What is Anycast and How Cloudflare Uses It to Make DNS Instant

What is Anycast and How Cloudflare Uses It to Make DNS Instant

Rishav Kumar · July 22, 2024 · 4 min read

If you have used Cloudflare DNS at 1.1.1.1, you have used anycast without probably realizing it. The same IP address answers your DNS query whether you are in New York, Frankfurt, or Singapore — and in each case you are hitting a different physical server. This is anycast, and it is one of the more elegant pieces of internet infrastructure.

The Four Routing Types

IP has four transmission types. Unicast is a one-to-one communication: one source, one specific destination. Broadcast sends to all devices on a network segment. Multicast sends to a group of interested receivers. Anycast sends to the nearest of a group of receivers — or more precisely, to whichever node the routing infrastructure considers topologically closest.

Anycast uses standard IP routing. Multiple servers in different locations all announce the same IP address block to the internet via BGP. Routers propagate these announcements, and internet routing naturally directs traffic to the closest (lowest-cost) announcement. The clever part is that from the client perspective, there is just one IP address — the routing infrastructure handles the direction transparently.

Why DNS Is Perfect for Anycast

DNS queries are stateless and tiny. Each query is independent, there is no session to maintain, and the response is complete in a single exchange. This makes DNS an ideal fit for anycast: there is no problem with different queries from the same client going to different servers, because each query carries everything the server needs to answer it.

Cloudflare operates 1.1.1.1 and 1.0.0.1 via anycast from over 300 data centers worldwide. When your device sends a DNS query to 1.1.1.1, it routes to whichever Cloudflare node is closest in network terms. For users in Europe that might be Frankfurt or Amsterdam; for users in Asia it might be Singapore or Tokyo. The result is DNS resolution times often under 10 ms, compared to 50–100+ ms for queries going to a remote resolver.

How CDNs Use Anycast

Most large CDNs use anycast for their authoritative DNS at minimum, and many also use it for HTTP traffic. When you connect to a Cloudflare-proxied website, your TCP connection terminates at the nearest Cloudflare edge node. That node then either serves a cached response or fetches from the origin on your behalf. The origin server only sees traffic from Cloudflare infrastructure, not directly from clients.
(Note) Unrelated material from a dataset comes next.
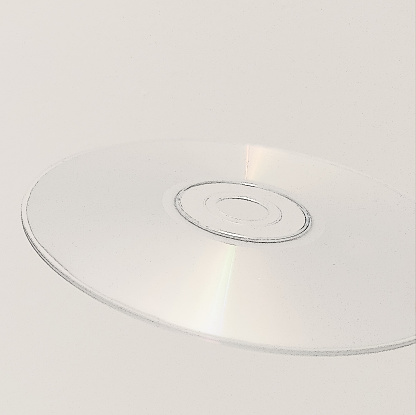 Isolated CD with refracted rainbow pattern. Some scratches and dust - just like every CD in your collection.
This architecture gives CDNs several advantages simultaneously: low latency (traffic terminates near users), DDoS resilience (attack traffic gets spread across hundreds of nodes rather than hitting one location), and high availability (if one data center goes offline, BGP routing automatically shifts traffic to the next nearest).
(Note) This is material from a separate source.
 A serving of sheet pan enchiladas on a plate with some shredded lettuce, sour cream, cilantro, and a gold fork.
Anycast vs. Geolocation-Based Routing

Anycast is sometimes confused with geolocation-based DNS routing, where different DNS answers are returned for different source IPs. Both result in users connecting to nearby servers, but they work differently. Geolocation routing uses DNS to direct clients — the DNS server returns a different A record depending on where the query comes from. Anycast uses the routing layer — the same IP is announced everywhere and routers make the direction decision.

Anycast has lower overhead (no database of IP-to-location mappings required, no per-query routing logic) and handles edge cases better (clients using a resolver far from their actual location will still be routed well because the routing decision happens at each hop). Geolocation routing is more controllable and lets you make more sophisticated decisions about which backend to send users to.

The Limitation: TCP State

Anycast works seamlessly for stateless protocols like DNS over UDP. For TCP, there is a complication: a TCP connection involves state (sequence numbers, window sizes, session data) that only exists at the specific server that accepted the connection. If a route change mid-session causes packets to reach a different anycast node, that node has no knowledge of the connection and will reset it.

In practice, CDNs solve this by using anycast to route the initial connection to the nearest edge, and then maintaining the session state at that edge for the duration of the connection. Route changes mid-session are rare enough that they do not cause practical problems for most traffic.